Among the entries below, the lines from the one with "Pink iridescent edible" up to and including the one with "Distant view of" are to be restated exactly, without pictures.

══ SUPPLIED RECORDS

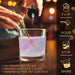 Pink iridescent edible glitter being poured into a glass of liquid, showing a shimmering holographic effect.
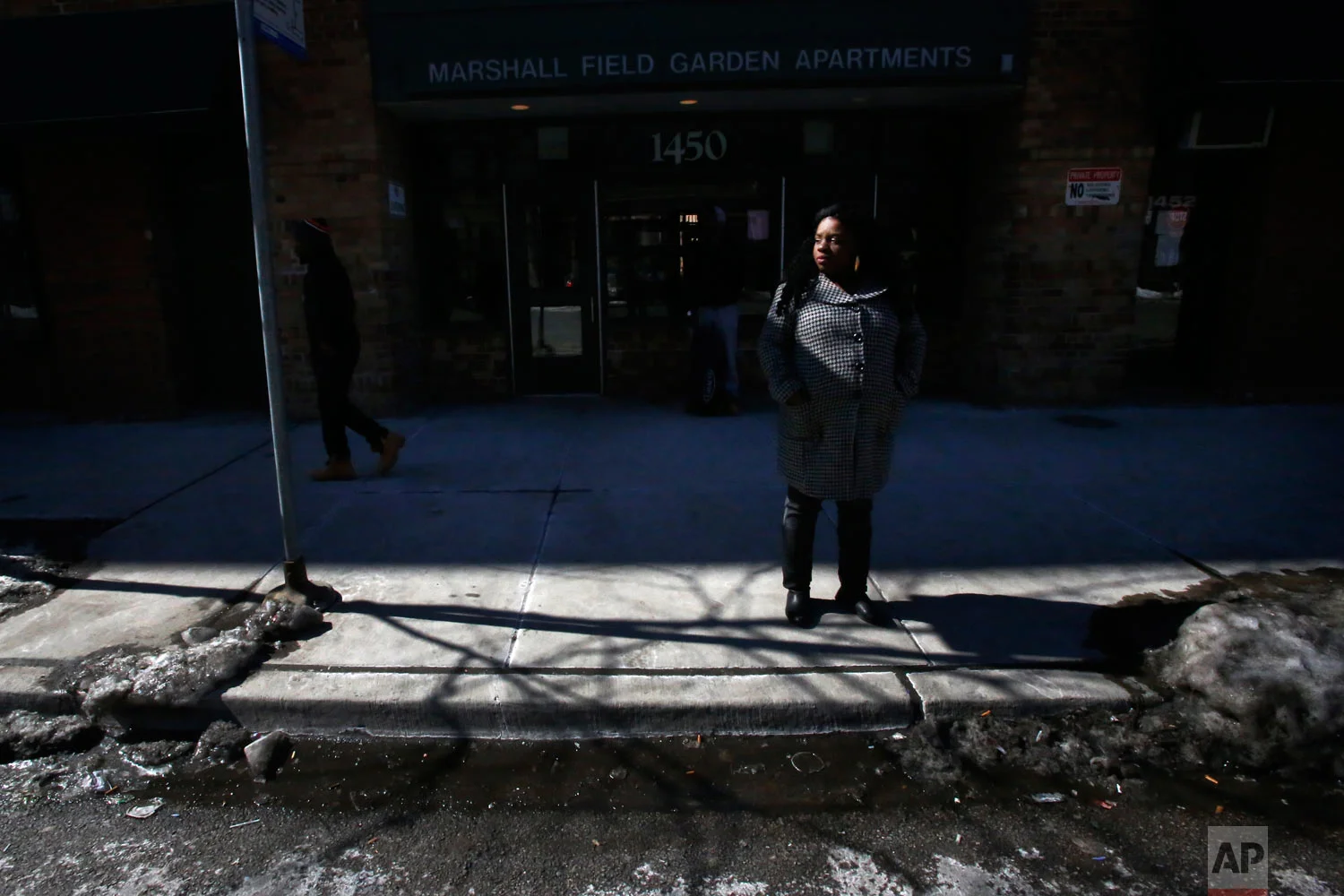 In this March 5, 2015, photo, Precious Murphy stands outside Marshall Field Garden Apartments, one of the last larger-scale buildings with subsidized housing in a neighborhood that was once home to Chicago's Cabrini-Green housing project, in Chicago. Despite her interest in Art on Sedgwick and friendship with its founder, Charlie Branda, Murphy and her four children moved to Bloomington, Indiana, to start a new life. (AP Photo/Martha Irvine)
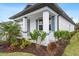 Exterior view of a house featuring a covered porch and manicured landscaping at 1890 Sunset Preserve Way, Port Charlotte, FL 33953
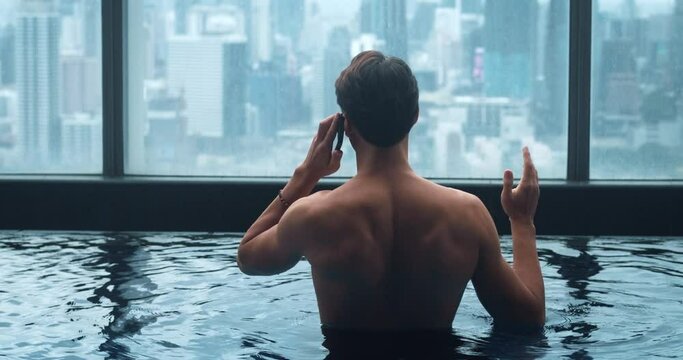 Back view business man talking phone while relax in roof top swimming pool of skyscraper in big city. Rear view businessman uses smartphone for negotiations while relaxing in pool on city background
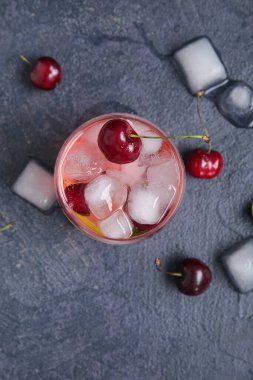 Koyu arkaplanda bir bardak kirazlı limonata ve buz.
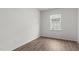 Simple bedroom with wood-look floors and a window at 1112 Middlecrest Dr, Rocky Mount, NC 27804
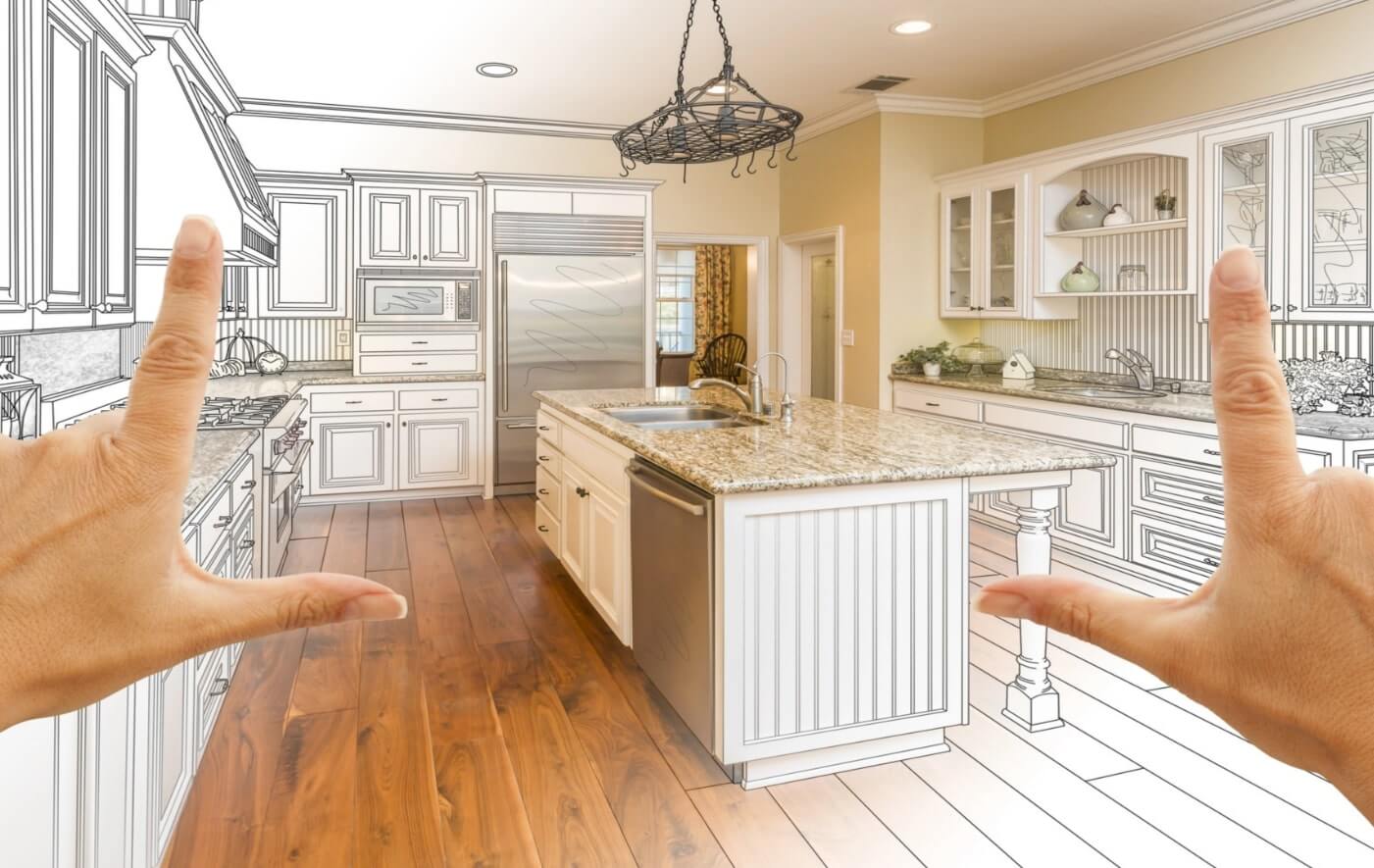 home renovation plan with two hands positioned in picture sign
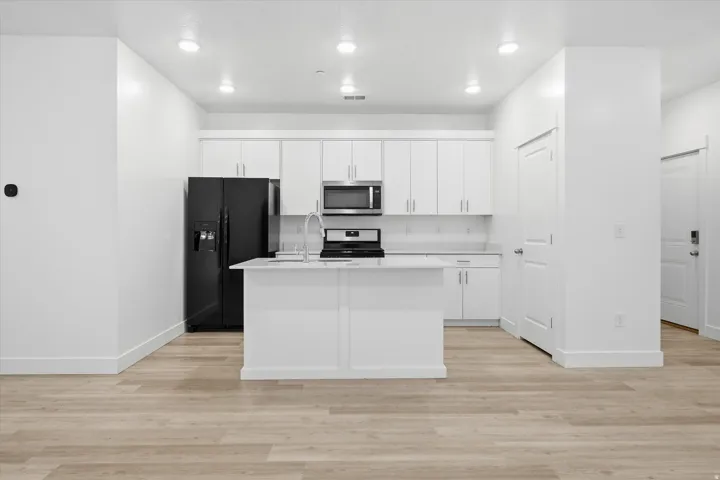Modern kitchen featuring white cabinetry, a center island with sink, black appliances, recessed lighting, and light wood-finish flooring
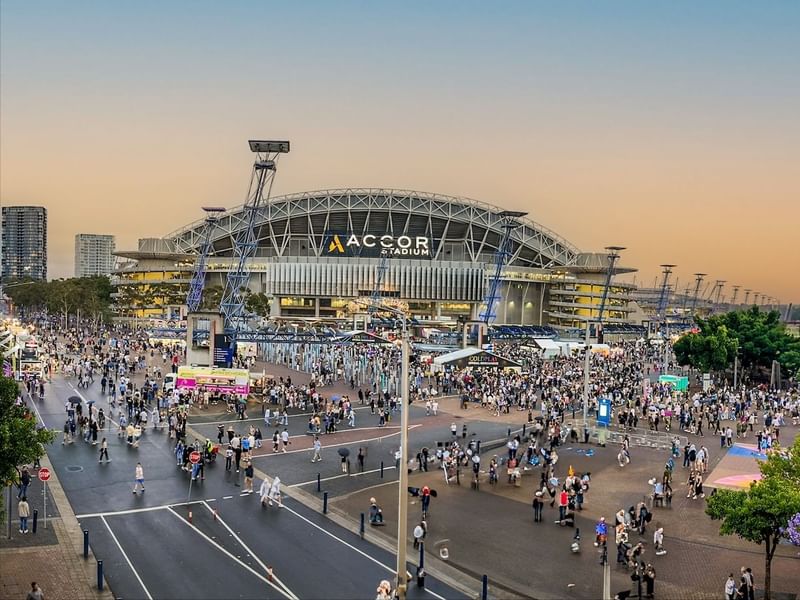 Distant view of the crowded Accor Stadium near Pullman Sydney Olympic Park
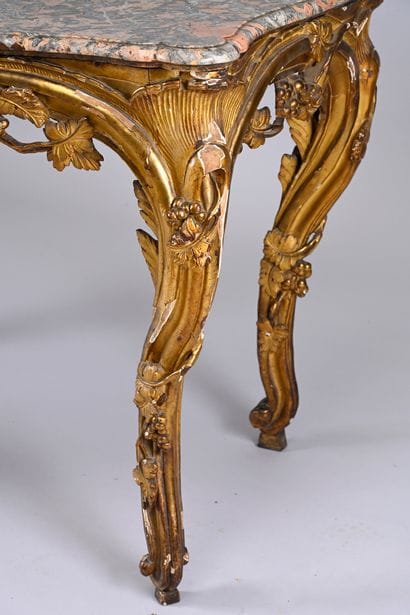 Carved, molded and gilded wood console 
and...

════
══ SUPPLIED RECORDS

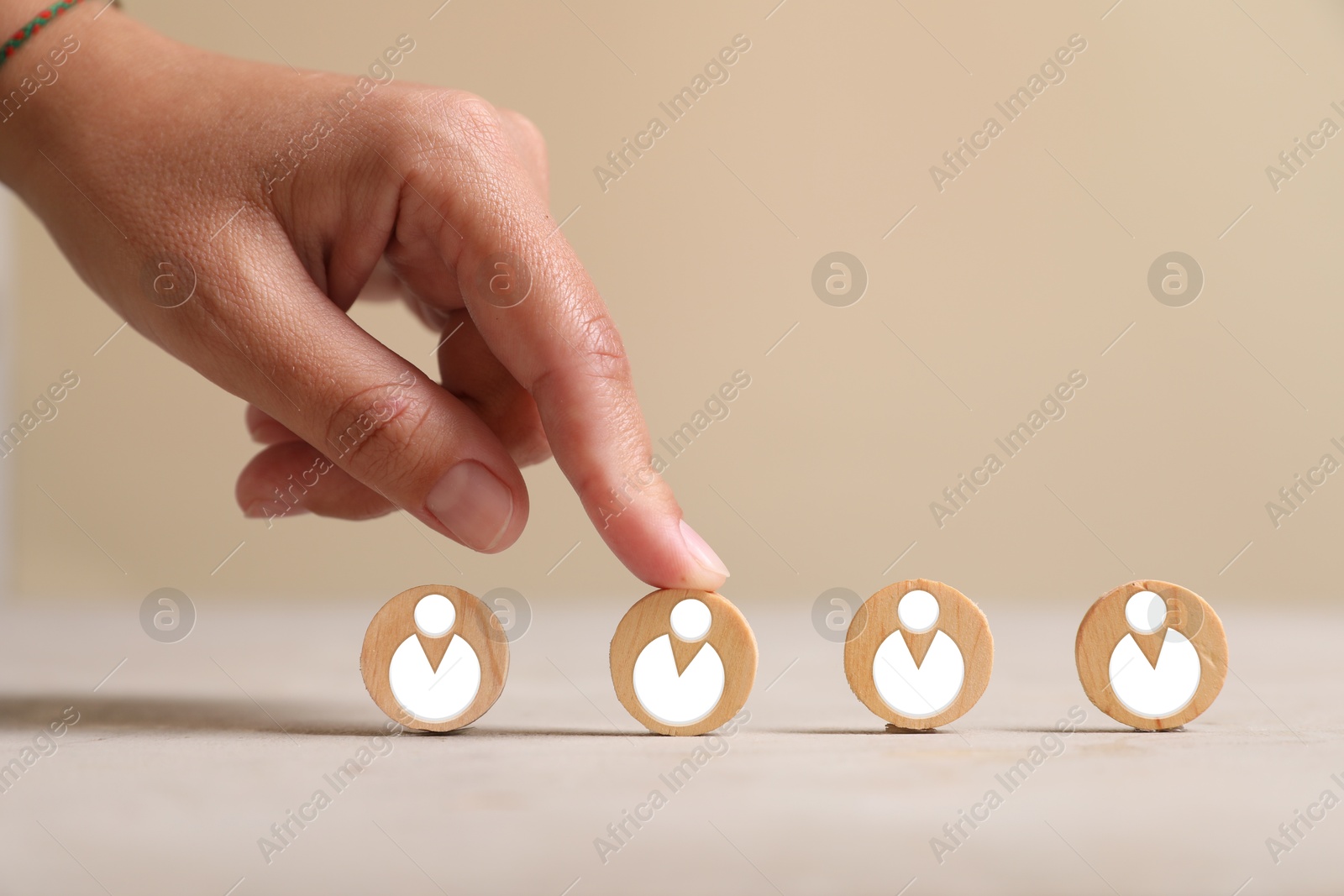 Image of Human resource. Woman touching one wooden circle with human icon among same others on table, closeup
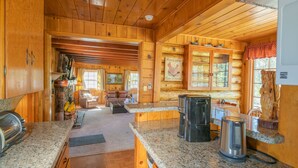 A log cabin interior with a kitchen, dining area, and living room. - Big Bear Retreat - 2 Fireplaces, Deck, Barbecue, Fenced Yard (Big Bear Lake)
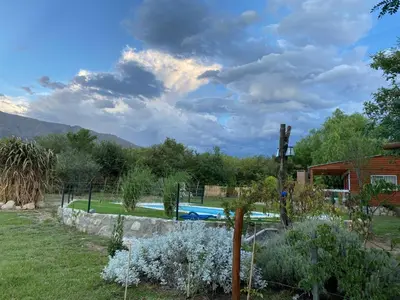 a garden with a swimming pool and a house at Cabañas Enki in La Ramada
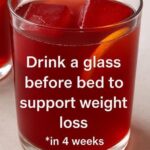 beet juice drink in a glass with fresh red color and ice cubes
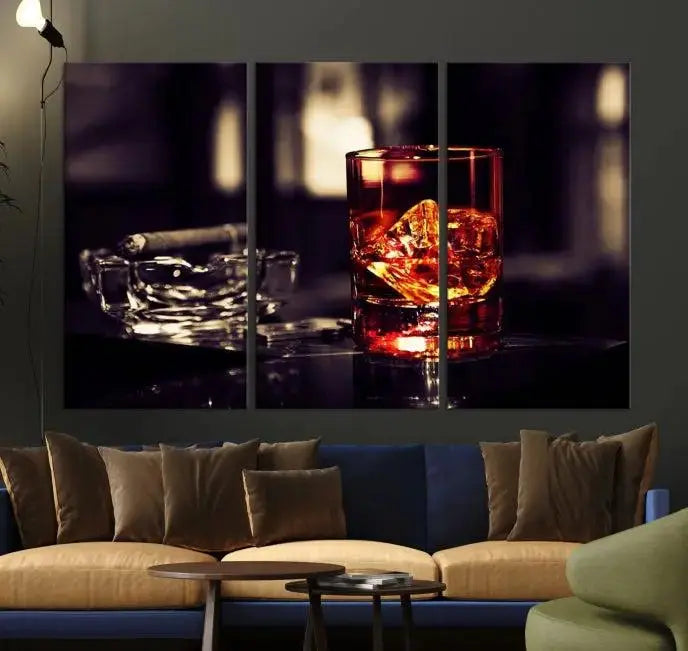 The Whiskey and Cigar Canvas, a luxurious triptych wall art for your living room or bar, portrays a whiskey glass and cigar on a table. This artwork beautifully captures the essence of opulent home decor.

════
══ SUPPLIED RECORDS

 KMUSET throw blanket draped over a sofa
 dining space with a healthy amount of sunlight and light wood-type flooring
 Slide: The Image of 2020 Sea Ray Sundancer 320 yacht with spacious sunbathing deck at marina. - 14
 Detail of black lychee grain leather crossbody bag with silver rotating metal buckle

════

## FINISHED TASK
 Pink iridescent edible glitter being poured into a glass of liquid, showing a shimmering holographic effect.
 In this March 5, 2015, photo, Precious Murphy stands outside Marshall Field Garden Apartments, one of the last larger-scale buildings with subsidized housing in a neighborhood that was once home to Chicago's Cabrini-Green housing project, in Chicago. Despite her interest in Art on Sedgwick and friendship with its founder, Charlie Branda, Murphy and her four children moved to Bloomington, Indiana, to start a new life. (AP Photo/Martha Irvine)
 Exterior view of a house featuring a covered porch and manicured landscaping at 1890 Sunset Preserve Way, Port Charlotte, FL 33953
 Back view business man talking phone while relax in roof top swimming pool of skyscraper in big city. Rear view businessman uses smartphone for negotiations while relaxing in pool on city background
 Koyu arkaplanda bir bardak kirazlı limonata ve buz.
 Simple bedroom with wood-look floors and a window at 1112 Middlecrest Dr, Rocky Mount, NC 27804
 home renovation plan with two hands positioned in picture sign
Modern kitchen featuring white cabinetry, a center island with sink, black appliances, recessed lighting, and light wood-finish flooring
 Distant view of the crowded Accor Stadium near Pullman Sydney Olympic Park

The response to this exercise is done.